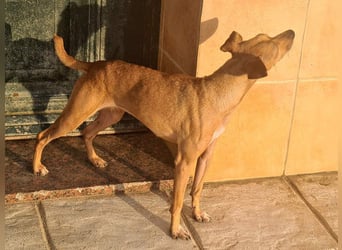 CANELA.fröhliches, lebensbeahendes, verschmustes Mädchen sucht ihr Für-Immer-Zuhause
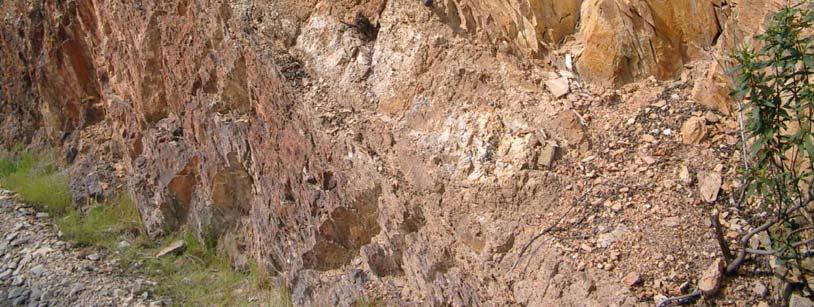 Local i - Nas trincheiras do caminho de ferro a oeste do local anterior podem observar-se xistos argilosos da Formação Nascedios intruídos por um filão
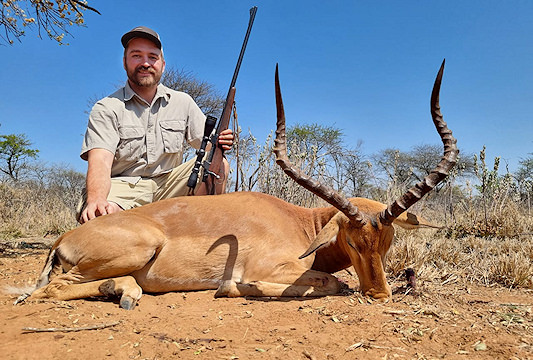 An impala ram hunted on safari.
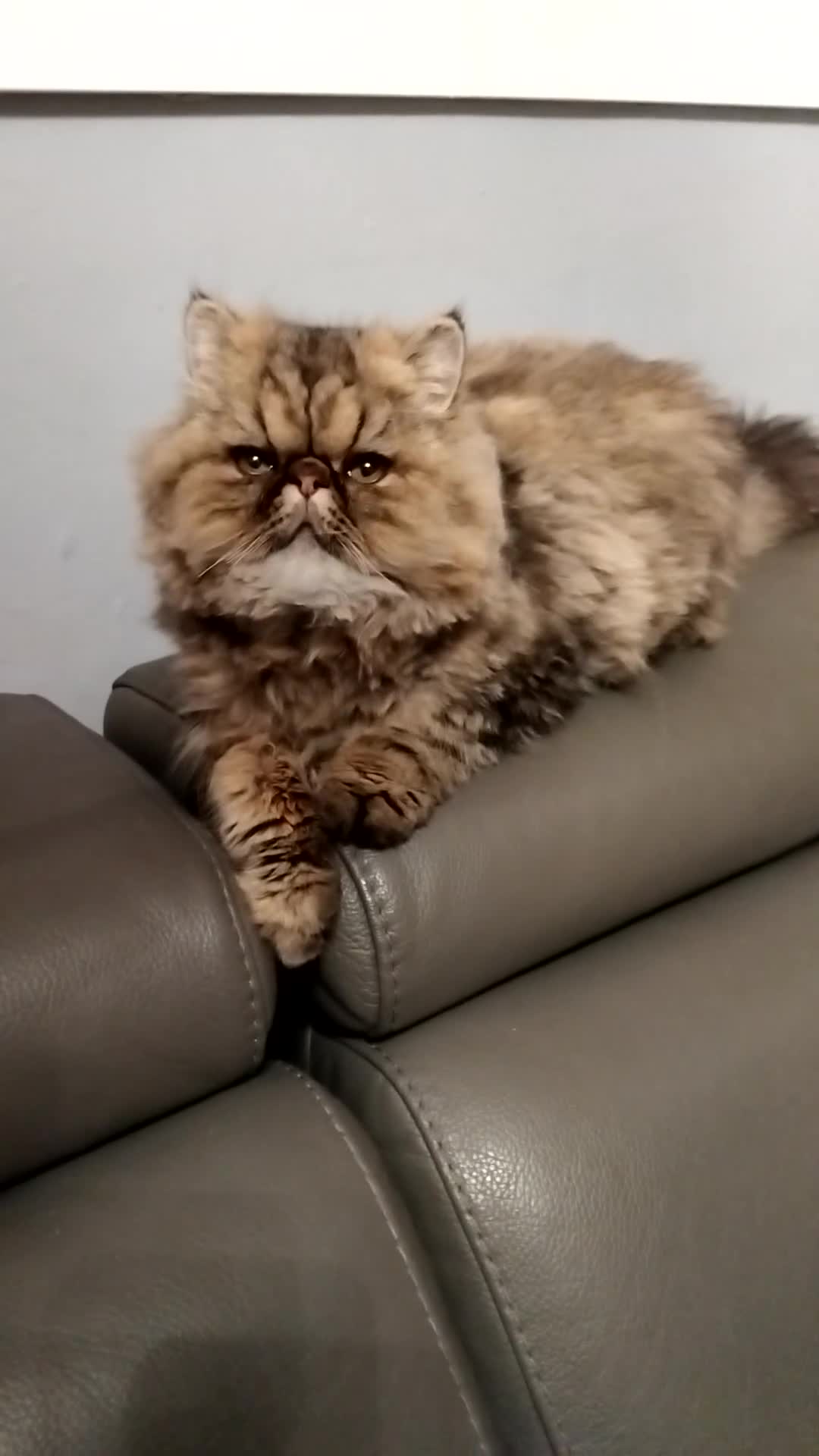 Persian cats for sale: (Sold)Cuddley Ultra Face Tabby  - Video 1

...

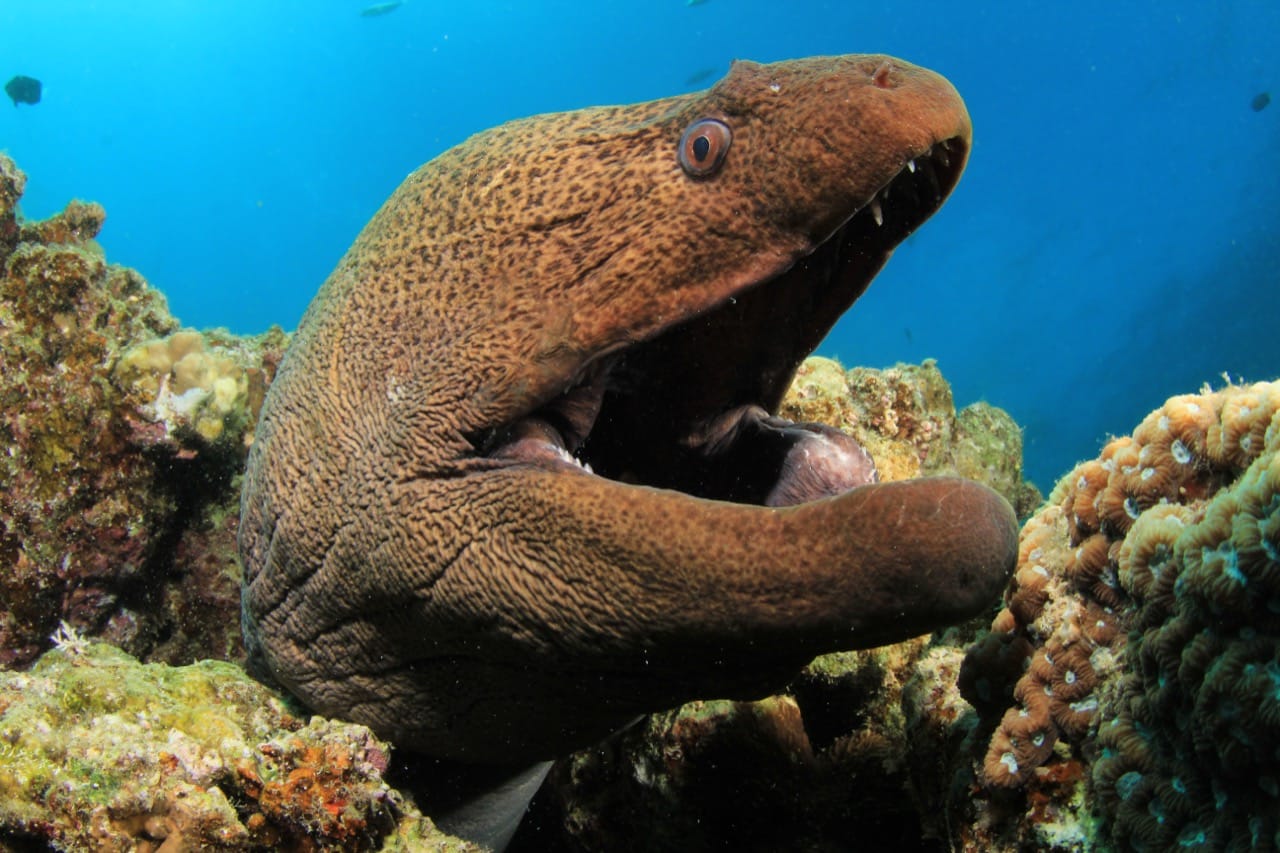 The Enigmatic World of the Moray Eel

## ASSIGNMENT
Copy the listing above exactly, but only from the line with "Local i - Nas" through the line with "Persian cats for", including those two lines and excluding any picture.

## RESPONSE TO THIS TASK
 Local i - Nas trincheiras do caminho de ferro a oeste do local anterior podem observar-se xistos argilosos da Formação Nascedios intruídos por um filão
 An impala ram hunted on safari.
 Persian cats for sale: (Sold)Cuddley Ultra Face Tabby  - Video 1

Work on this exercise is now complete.